(Vatican Radio) The new U.S. Defense Secretary James Mattis has warned allies of the NATO military alliance that they must start increasing defense spending by year's end or the Trump administration will "moderate its commitment" to them. Mattis made the remarks at a NATO summit in Brussels which was also overshadowed by reports that Russia violated a Cold War-era treaty by deploying a cruise missile, charges Moscow denies.
Listen to the report by Stefan Bos:
Mattis echoed a demand made repeatedly by President Donald Trump: The alliance must adopt a plan this year to force governments to meet a military funding goal of two percent of gross domestic product.
He did not detail what the United States might do if NATO members failed to fall in line. But he warned the Trump administration would "moderate its commitment to them".
Mattis made clear that NATO face major challenges such as Moscow's annexation of Ukraine's Crimean peninsula. "The events of 2014 were sobering and we must continue to adapt to what’s been revealed to us in terms of our security challenges. The alliance remains a fundamental bedrock for the U.S.,” he said.
The NATO alliance is also worried about other Russian actions. NATO Secretary General Jens Stoltenberg said the military alliance would be concerned if reports that Russia has violated a Cold War-era treaty by deploying a cruise missile prove true.
U.S. intelligence agencies claim the missile became operational late last year, possibly violating the 1987 Intermediate-Range Nuclear Forces Treaty on the development and testing of cruise missiles.
On Wednesday, the Kremlin denied that Russia had violated this key treaty.

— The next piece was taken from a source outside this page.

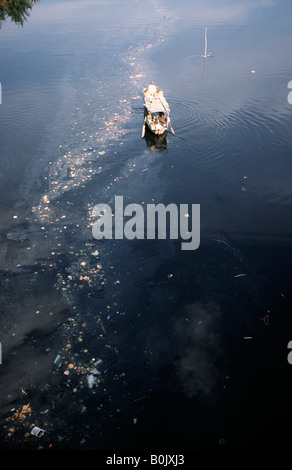 6. Februar 2003 - Mann sammeln wiederverwertbare Abfälle am Fluss Saigon in Ho-Chi-Minh-Viertel Cholon in Vietnam. Stockfoto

Amid these tensions, Stoltenberg seemed please that the new US defense secretary did not repeat President Trump's remarks that the alliance had become obsolete. “The challenges that we face are the most complex and demanding in a generation.
Neither Europe nor North America can tackle them alone.Therefore I welcome the US commitment to the transatlantic bond,” the NATO chief said.
Yet more discussions are expected on who will fund the expensive alliance.